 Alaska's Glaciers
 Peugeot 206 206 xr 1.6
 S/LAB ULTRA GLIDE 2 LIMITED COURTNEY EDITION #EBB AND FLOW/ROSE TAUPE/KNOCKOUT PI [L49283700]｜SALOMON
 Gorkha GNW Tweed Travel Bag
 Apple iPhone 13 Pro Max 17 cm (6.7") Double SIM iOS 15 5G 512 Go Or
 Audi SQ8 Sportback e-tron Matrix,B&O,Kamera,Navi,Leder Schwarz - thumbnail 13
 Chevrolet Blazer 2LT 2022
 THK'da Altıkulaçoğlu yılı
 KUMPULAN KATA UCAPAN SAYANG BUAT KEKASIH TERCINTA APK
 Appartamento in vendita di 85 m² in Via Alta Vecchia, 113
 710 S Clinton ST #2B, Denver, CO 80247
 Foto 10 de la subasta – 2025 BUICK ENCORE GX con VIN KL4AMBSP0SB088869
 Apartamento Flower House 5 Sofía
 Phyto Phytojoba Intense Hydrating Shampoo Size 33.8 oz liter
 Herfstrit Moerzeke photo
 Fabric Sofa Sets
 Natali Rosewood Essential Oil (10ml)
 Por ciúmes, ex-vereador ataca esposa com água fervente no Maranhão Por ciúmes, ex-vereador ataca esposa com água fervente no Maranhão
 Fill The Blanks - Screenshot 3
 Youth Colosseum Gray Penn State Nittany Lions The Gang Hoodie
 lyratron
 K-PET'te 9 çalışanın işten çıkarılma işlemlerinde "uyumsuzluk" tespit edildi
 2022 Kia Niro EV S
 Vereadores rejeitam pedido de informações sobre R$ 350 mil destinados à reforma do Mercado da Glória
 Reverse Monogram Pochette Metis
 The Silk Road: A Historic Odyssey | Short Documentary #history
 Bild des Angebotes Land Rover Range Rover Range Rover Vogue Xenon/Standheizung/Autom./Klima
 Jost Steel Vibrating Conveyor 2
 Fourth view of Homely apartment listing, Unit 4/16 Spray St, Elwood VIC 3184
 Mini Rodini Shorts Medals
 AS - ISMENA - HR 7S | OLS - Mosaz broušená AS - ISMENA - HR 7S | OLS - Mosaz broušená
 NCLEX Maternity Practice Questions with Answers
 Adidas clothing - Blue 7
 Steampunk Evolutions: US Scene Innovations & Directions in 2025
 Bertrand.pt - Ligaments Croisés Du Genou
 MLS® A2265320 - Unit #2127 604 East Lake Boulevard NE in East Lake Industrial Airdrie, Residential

******

▶ **What the task asks**: Please make an exact copy of the lines above from the line with "Jost Steel Vibrating Conveyor 2" through the line with "Mosaz broušená AS", both ends included.

▶ **Output of the exercise**:
 Jost Steel Vibrating Conveyor 2
 Fourth view of Homely apartment listing, Unit 4/16 Spray St, Elwood VIC 3184
 Mini Rodini Shorts Medals
 AS - ISMENA - HR 7S | OLS - Mosaz broušená AS - ISMENA - HR 7S | OLS - Mosaz broušená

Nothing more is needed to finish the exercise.